* [Your assignment] Repeat the lines from the one containing "61 Longview Dr, Springfield, IL 62712" through the end of the listing exactly, both ends included. Do not carry over any pictures.
= = = = = = =
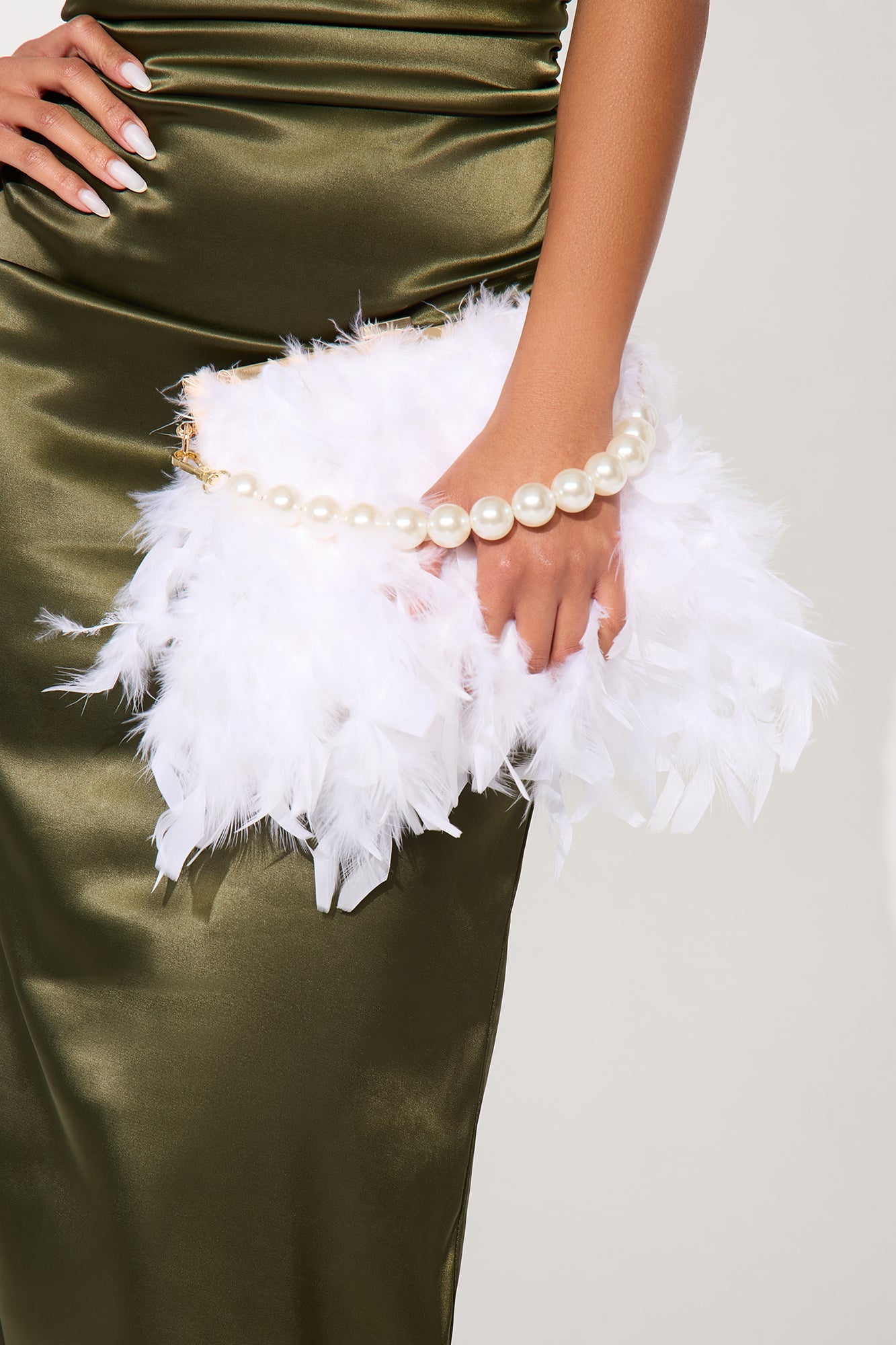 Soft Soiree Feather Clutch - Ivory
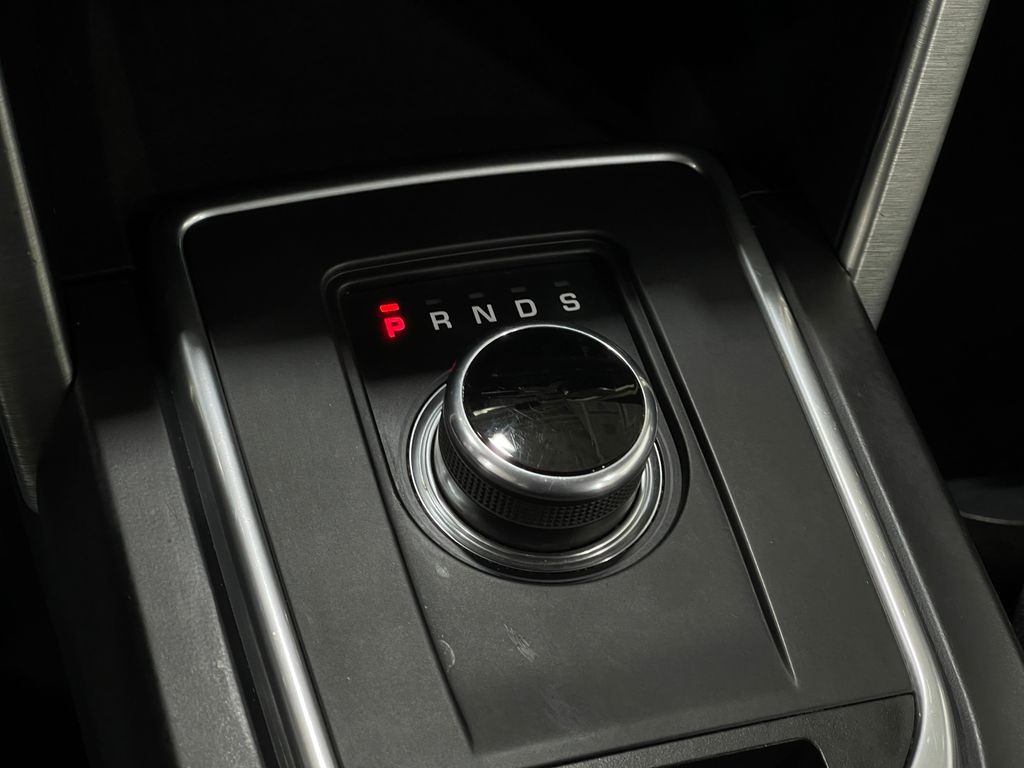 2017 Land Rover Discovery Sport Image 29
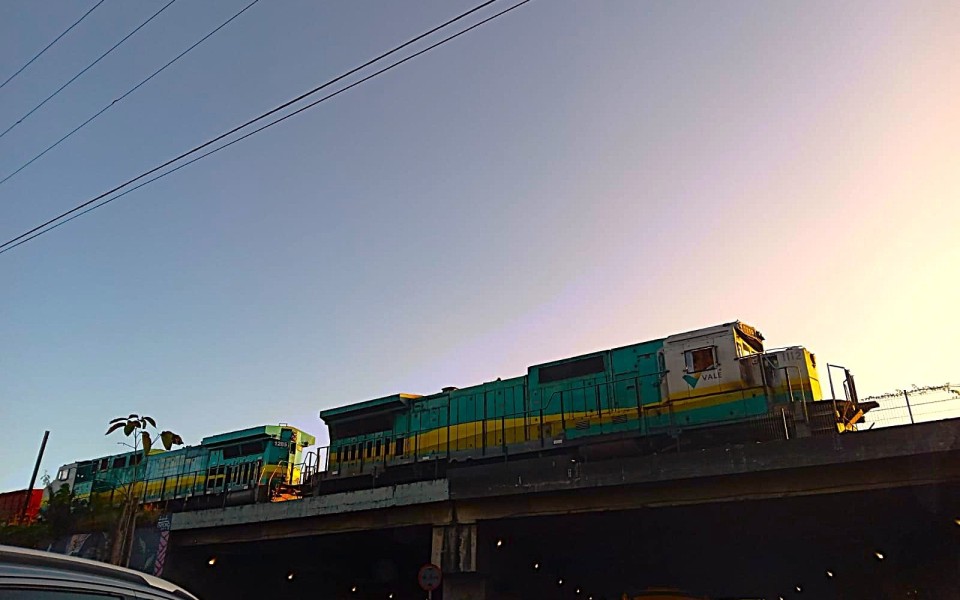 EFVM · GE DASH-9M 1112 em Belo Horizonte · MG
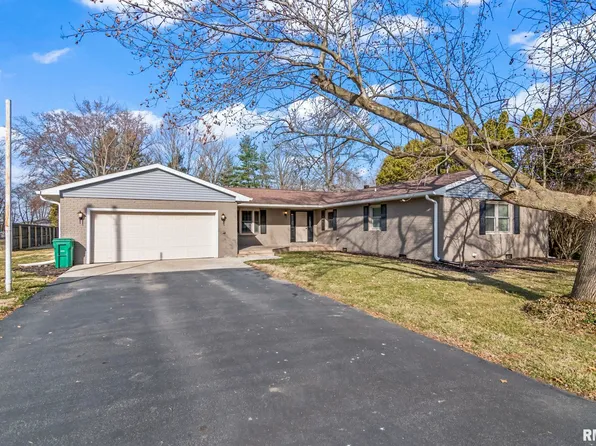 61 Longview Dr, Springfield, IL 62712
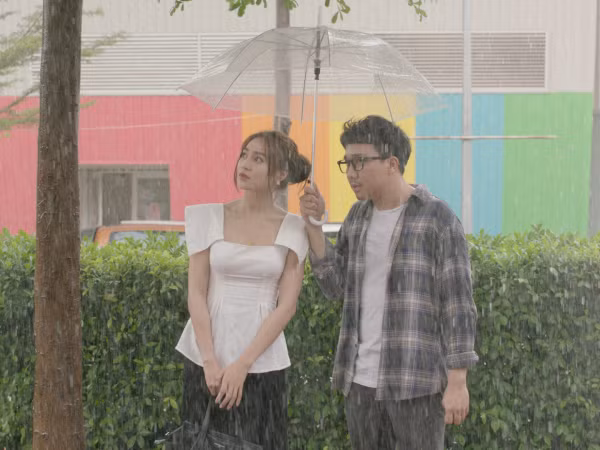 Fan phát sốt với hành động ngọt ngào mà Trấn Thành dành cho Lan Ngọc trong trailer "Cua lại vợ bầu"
= = = = = = =
* [Answer below]
 61 Longview Dr, Springfield, IL 62712
 Fan phát sốt với hành động ngọt ngào mà Trấn Thành dành cho Lan Ngọc trong trailer "Cua lại vợ bầu"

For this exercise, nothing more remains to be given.